Turing Machines and Its Acceptance
The Turing machine can be used in defining Recursively Enumerable languages. It is a theoretical model that can perform basic operations like reading, writing, and moving on a tape. A Turing machine can be programmed to accept or reject strings based on certain rules.
A Turing machine recognizes a language if, for every string that belongs to the language, the machine eventually enters a special "accept" state. For strings that are not in the language, the machine might either enter a "reject" state or continue running indefinitely without stopping.
A Turing machine can loop forever on strings that are not part of the language. This means it might never stop processing, never reaching a "reject" state. This unique characteristic is a defining feature of RE languages.
Recursive Languages: A Subset of RE Languages
Another important subset of RE languages is recursive language.
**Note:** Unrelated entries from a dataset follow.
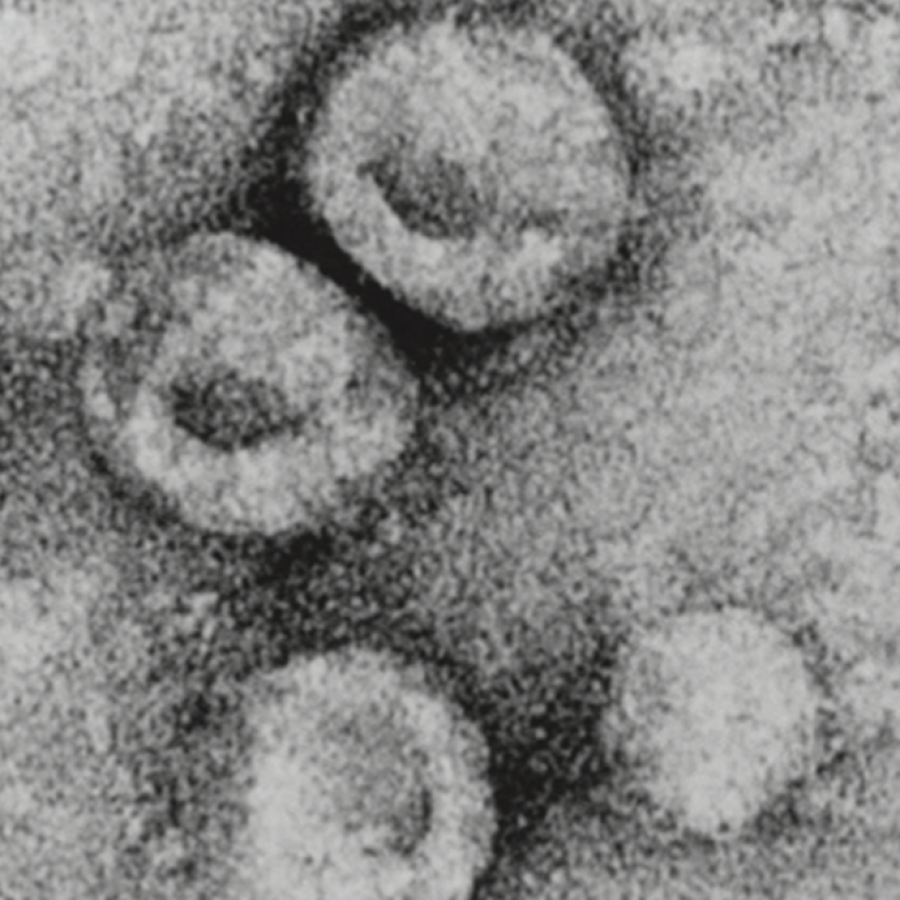 Bovine viral diarrhea virus 1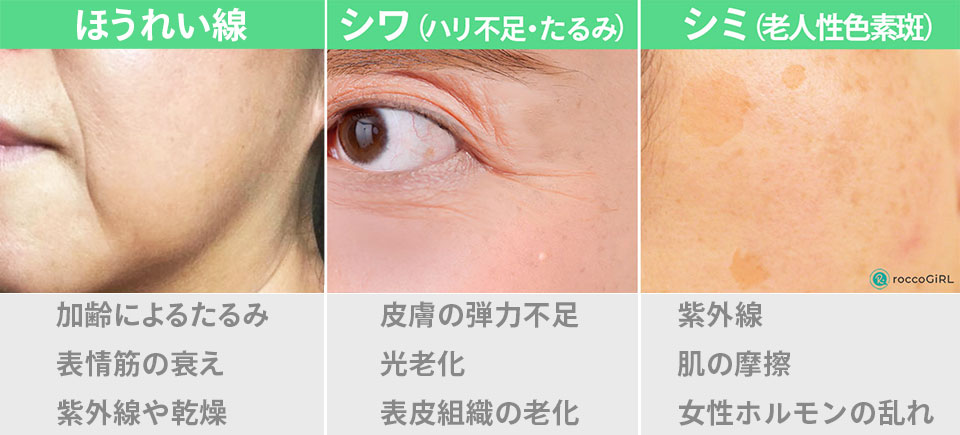 肌悩み症例写真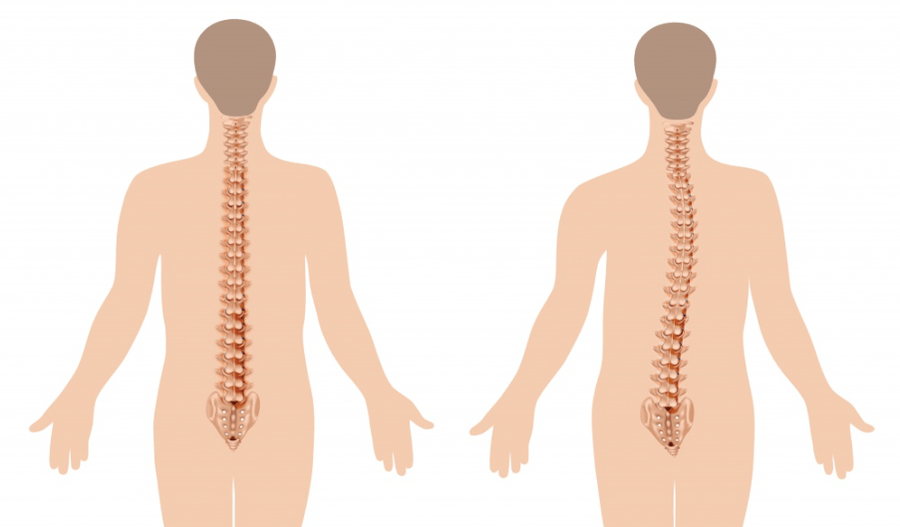 manifestação de osteocondrose
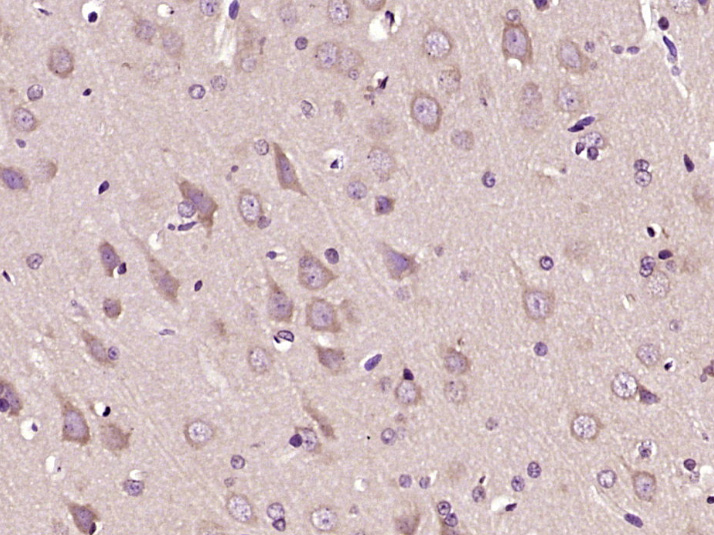 14 - KIAA1434 Rabbit pAb AP56509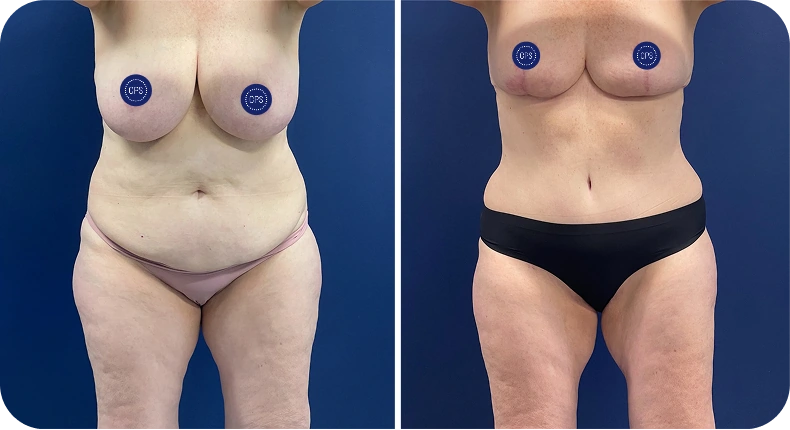 Before and after body contouring results showing front torso view with measurement markers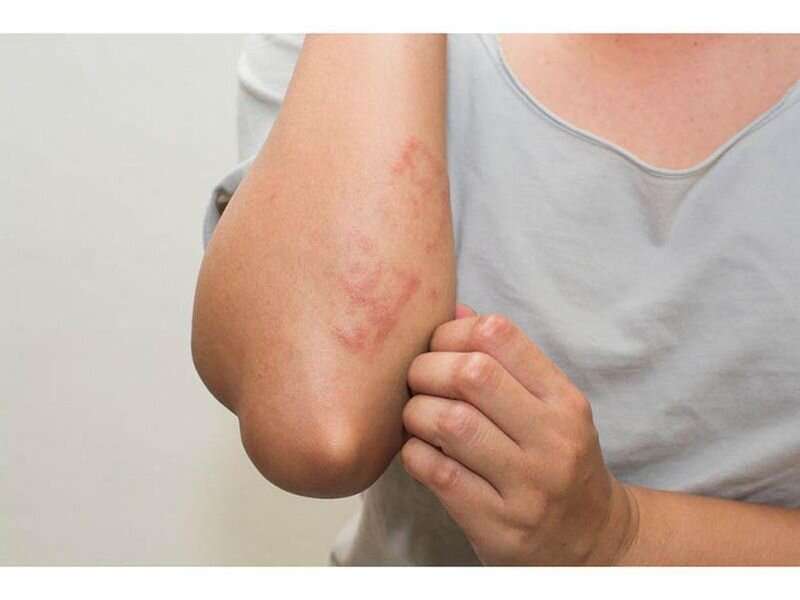 Got hives? How to relieve them at home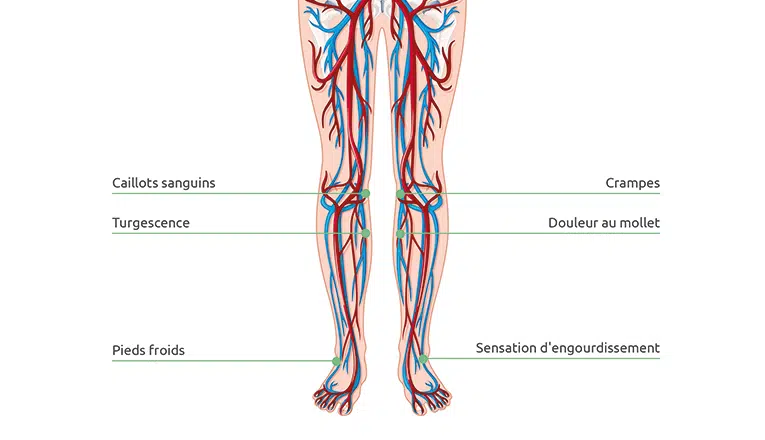 Représentation schématique de la circulation sanguine dans les jambes. Une mauvaise circulation provoque des jambes fatiguées.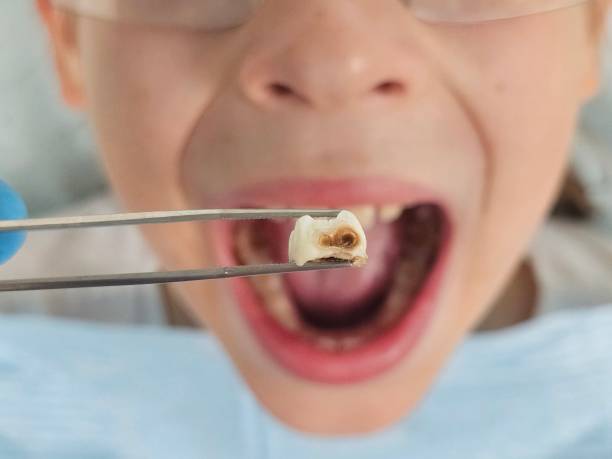 Best Emergency Denture Repair in Coral Terrace, FL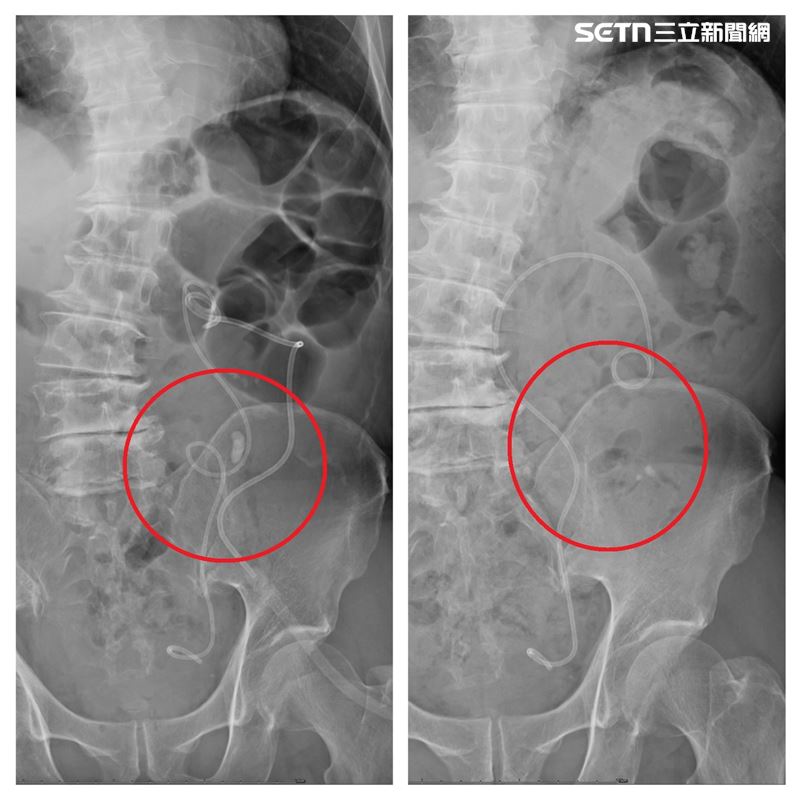 患者輸尿管嚴重彎曲，如同雲霄飛車軌道，鏡體根本無法進入，醫療團隊迅速啟用最新一代「7.5Fr軟式輸尿管鏡」，細如筆身，靈巧自如。（圖／翻攝畫面）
In a recursive language, the Turing machine not only accepts strings belonging to the language but also always halts for strings that are not in the language.
For instance, consider a machine that can recognize all the valid sentences in the English language and, for any string that is not a sentence, will say "This is not a sentence" and then stop. This machine would be capable of recognizing a recursive language.
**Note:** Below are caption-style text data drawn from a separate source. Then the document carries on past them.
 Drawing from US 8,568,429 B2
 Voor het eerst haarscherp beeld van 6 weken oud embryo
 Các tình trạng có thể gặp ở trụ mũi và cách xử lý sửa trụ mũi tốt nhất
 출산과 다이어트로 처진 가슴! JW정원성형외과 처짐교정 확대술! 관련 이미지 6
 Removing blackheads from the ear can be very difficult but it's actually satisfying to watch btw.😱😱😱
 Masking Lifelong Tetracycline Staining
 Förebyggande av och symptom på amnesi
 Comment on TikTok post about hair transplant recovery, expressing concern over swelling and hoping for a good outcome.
As an example, Consider the language $\mathrm{L \:=\: \{a^{n}b^{n}c^{n}\:|\: n\:\geq \: 0\}}$. This language consists of strings where the number of a's, b's, and c's are equal.
- RE Language − We can build a Turing machine that starts at the beginning of the string and systematically checks if the number of 'a's, 'b's, and 'c's are equal. If they are, it accepts the string. However, if the string is not of this form, the machine may never halt, potentially looping forever. This makes L a recursively enumerable language.
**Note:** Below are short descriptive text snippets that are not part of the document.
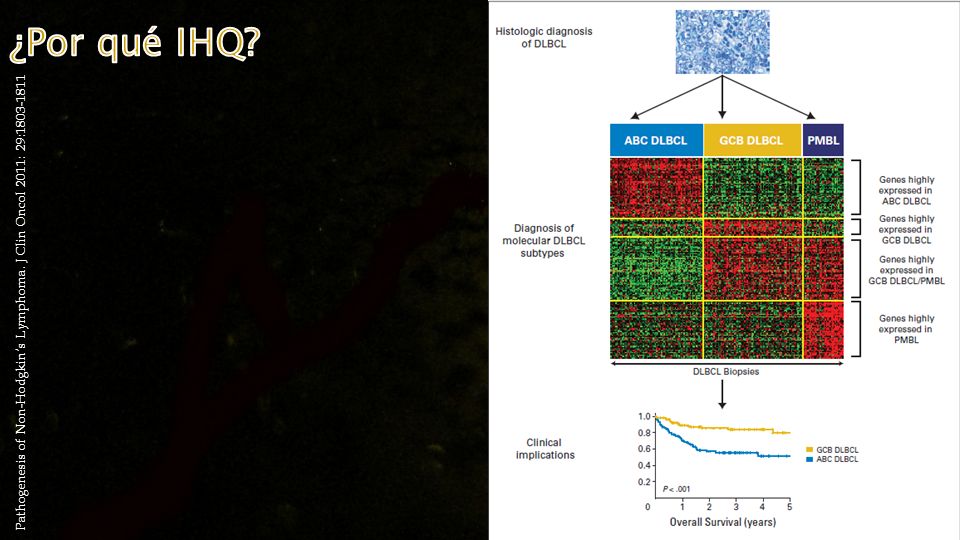 ¿Por qué IHQ Pathogenesis of Non-Hodgkin’s Lymphoma. J Clin Oncol 2011: 29: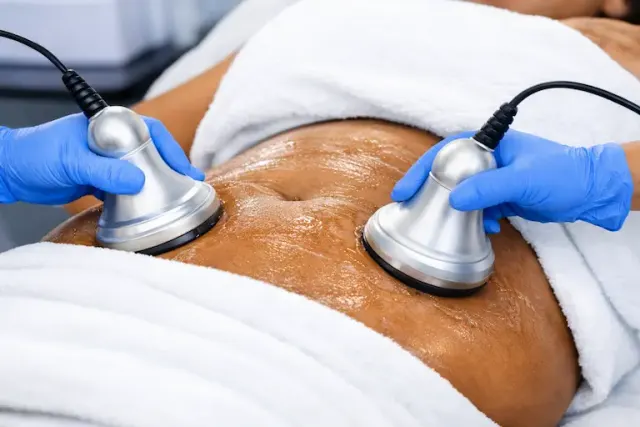 Ultrasound liposuction treatment areas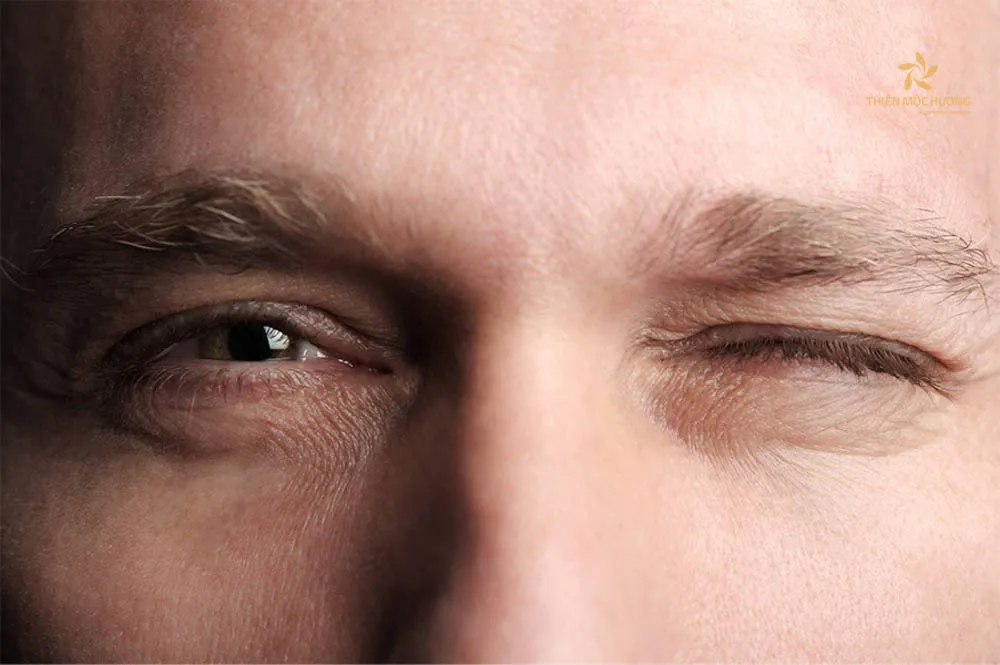 Mắt trái giật là điềm gì? Làm gì khi mắt bị giật liên tục?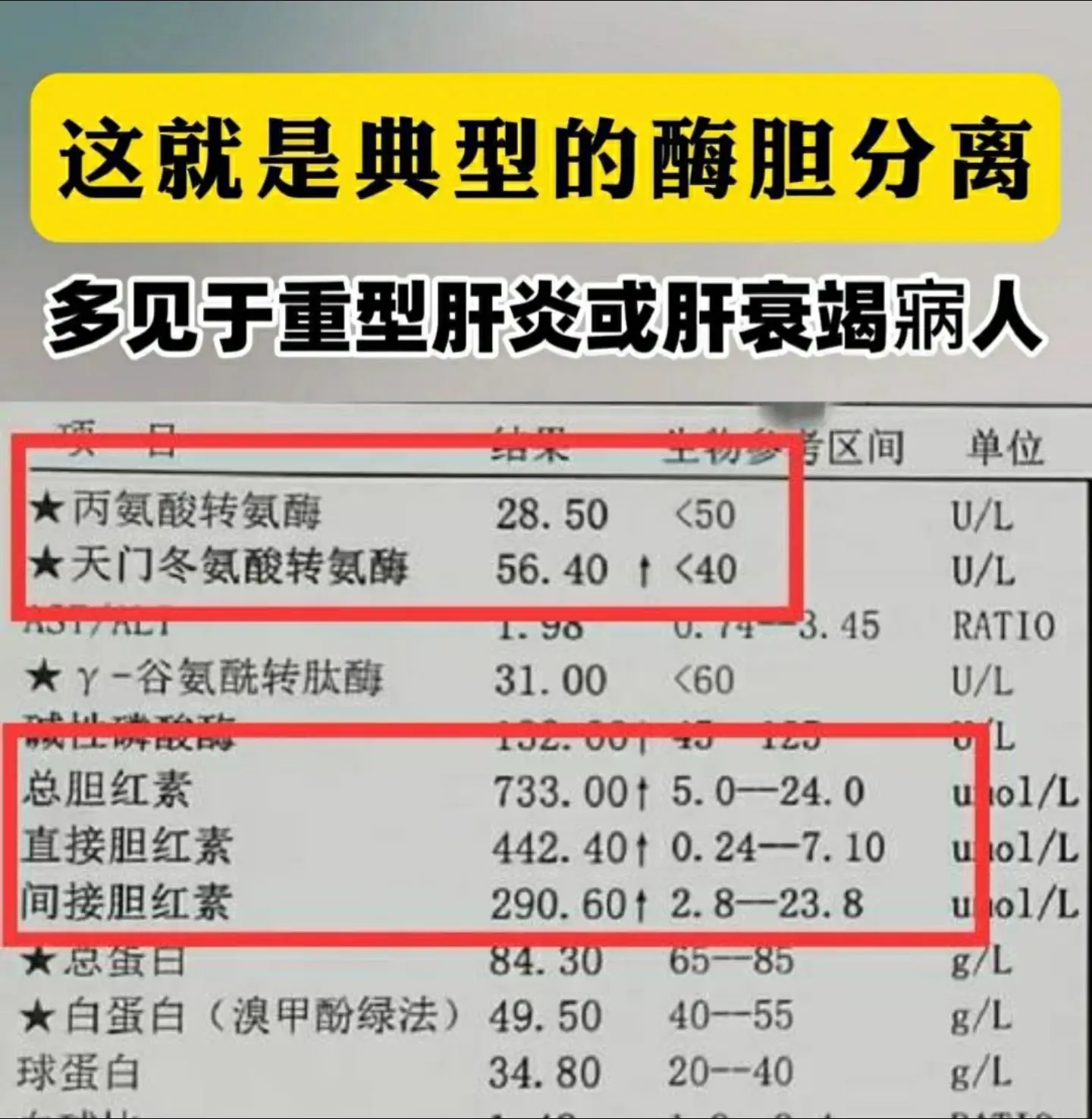 肝功能别只看转氨酶，这个指标升高更可怕！转氨酶正常，胆红素异常升高，甚...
- Recursive Language − We can also construct a Turing machine that checks if the number of 'a's, 'b's, and 'c's are equal. If they are, it accepts the string. If they are not, it reaches a "reject" state and halts. This makes L a recursive language as well.
Closure Properties of Recursive Languages
Recursive languages possess an interesting property called closure. This means that certain operations performed on recursive languages result in another recursive language.
Here are some key closure properties −
Union
If L1 and L2 are two recursive languages, their union (L1 ∪ L2) is also recursive. Imagine a machine that checks if a string belongs to L1 or L2; if it does, it accepts. Since both machines for L1 and L2 will eventually halt, this combined machine will also halt, making the union recursive.
Concatenation
If L1 and L2 are two recursive languages, their concatenation (L1.L2) is also recursive. Imagine a machine that first checks if the first part of the string belongs to L1, and if it does, it checks the remaining part of the string for L2. Since both L1 and L2 machines halt, this combined machine will also halt.
Kleen Closure
If L1 is a recursive language, its Kleen closure (L1*) is also recursive. This means the language including all possible combinations of strings from L1 concatenated together, including the empty string, is also recursive.
Intersection
If L1 and L2 are two recursive languages, their intersection (L1 ∩ L2) is also recursive. Imagine a machine that checks if a string belongs to both L1 and L2. Since both L1 and L2 machines halt, this combined machine will also halt.
Complement
If L1 is a recursive language, its complement (L1') is also recursive. This means the language containing all strings *not* in L1 is also recursive.
Conclusion
In this chapter, we presented a basic overview of recursively enumerable languages which gives a powerful framework for understanding what can be computed by machines. We covered their properties, examples, and closure properties as well, for a clear understanding of these concepts.